Work to complete => Copy out again, unchanged, the listing below from the line that has "Сайлентблок рычага FEBEST MZAB-148 Сайлентблок" through the line that has "Red Ribbon Unisex".
+++ Given records +++
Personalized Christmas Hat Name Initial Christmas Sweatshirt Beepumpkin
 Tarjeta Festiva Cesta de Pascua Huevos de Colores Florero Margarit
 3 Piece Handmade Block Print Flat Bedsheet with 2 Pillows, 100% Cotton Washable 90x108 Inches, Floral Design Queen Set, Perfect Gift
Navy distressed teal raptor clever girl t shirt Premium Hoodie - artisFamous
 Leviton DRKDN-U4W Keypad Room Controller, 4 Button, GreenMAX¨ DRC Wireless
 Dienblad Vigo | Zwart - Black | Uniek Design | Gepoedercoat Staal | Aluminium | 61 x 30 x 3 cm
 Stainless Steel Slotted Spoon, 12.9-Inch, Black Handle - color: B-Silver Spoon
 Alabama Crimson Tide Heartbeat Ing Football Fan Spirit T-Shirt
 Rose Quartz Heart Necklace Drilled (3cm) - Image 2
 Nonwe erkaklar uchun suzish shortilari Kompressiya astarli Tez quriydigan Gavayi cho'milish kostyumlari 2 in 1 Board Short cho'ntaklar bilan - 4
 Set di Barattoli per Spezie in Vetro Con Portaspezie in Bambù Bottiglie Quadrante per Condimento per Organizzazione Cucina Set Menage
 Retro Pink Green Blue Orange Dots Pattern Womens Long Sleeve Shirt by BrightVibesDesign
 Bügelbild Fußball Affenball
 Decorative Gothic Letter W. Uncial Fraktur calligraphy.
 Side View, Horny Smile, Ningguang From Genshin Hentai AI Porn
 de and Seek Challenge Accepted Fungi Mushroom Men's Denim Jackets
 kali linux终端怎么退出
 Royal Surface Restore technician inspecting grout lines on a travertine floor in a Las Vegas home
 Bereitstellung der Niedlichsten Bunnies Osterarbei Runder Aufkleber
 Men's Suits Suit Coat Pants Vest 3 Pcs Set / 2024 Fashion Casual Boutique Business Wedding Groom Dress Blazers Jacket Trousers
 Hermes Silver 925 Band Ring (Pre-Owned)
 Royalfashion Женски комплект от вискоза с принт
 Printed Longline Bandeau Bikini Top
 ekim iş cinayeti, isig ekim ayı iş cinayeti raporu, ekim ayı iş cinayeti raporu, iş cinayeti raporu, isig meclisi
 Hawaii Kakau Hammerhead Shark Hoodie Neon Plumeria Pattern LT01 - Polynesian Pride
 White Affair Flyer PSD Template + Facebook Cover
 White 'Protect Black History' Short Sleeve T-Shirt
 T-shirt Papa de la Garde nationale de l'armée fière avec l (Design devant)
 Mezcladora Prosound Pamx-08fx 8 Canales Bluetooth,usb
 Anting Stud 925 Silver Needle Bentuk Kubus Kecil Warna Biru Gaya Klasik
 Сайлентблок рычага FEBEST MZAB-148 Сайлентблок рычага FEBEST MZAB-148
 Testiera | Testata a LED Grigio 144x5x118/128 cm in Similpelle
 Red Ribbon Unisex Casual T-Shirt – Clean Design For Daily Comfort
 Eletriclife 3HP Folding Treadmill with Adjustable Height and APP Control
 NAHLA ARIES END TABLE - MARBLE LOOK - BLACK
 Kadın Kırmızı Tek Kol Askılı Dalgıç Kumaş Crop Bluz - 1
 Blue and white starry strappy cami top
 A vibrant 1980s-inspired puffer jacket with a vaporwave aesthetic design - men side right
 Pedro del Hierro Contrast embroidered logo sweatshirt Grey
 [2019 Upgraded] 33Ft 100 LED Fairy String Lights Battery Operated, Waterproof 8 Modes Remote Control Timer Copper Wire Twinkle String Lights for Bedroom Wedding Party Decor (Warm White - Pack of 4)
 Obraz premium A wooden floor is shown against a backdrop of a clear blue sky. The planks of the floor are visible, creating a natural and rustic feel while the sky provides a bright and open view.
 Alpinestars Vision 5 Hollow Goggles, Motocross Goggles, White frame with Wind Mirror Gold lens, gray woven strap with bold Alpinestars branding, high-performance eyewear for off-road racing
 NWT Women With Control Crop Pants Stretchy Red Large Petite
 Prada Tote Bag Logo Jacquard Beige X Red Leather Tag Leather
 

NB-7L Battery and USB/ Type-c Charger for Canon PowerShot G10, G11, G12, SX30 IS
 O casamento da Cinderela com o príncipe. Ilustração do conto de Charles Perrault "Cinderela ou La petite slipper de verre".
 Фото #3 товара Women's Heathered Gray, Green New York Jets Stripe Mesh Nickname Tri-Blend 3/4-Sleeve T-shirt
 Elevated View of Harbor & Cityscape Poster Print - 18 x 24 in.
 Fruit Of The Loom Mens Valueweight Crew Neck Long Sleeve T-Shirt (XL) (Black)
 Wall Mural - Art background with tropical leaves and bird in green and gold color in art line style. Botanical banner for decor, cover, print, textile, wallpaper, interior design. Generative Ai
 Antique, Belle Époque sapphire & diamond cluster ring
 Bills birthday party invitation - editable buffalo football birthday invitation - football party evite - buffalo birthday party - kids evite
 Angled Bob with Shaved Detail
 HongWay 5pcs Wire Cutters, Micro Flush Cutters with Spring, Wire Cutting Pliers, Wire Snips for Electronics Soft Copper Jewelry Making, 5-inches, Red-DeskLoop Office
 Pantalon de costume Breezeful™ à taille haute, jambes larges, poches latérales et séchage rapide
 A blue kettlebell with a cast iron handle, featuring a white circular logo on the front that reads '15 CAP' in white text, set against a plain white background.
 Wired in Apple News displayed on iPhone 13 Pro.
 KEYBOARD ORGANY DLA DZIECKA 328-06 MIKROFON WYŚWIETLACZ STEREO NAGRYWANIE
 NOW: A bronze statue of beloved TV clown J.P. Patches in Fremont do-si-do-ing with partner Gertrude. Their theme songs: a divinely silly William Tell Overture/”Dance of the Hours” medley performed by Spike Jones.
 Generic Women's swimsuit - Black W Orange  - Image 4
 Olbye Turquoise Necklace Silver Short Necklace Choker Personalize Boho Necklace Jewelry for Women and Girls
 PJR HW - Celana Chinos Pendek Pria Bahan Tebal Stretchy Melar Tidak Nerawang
+++
Exercise answer =>
 Сайлентблок рычага FEBEST MZAB-148 Сайлентблок рычага FEBEST MZAB-148
 Testiera | Testata a LED Grigio 144x5x118/128 cm in Similpelle
 Red Ribbon Unisex Casual T-Shirt – Clean Design For Daily Comfort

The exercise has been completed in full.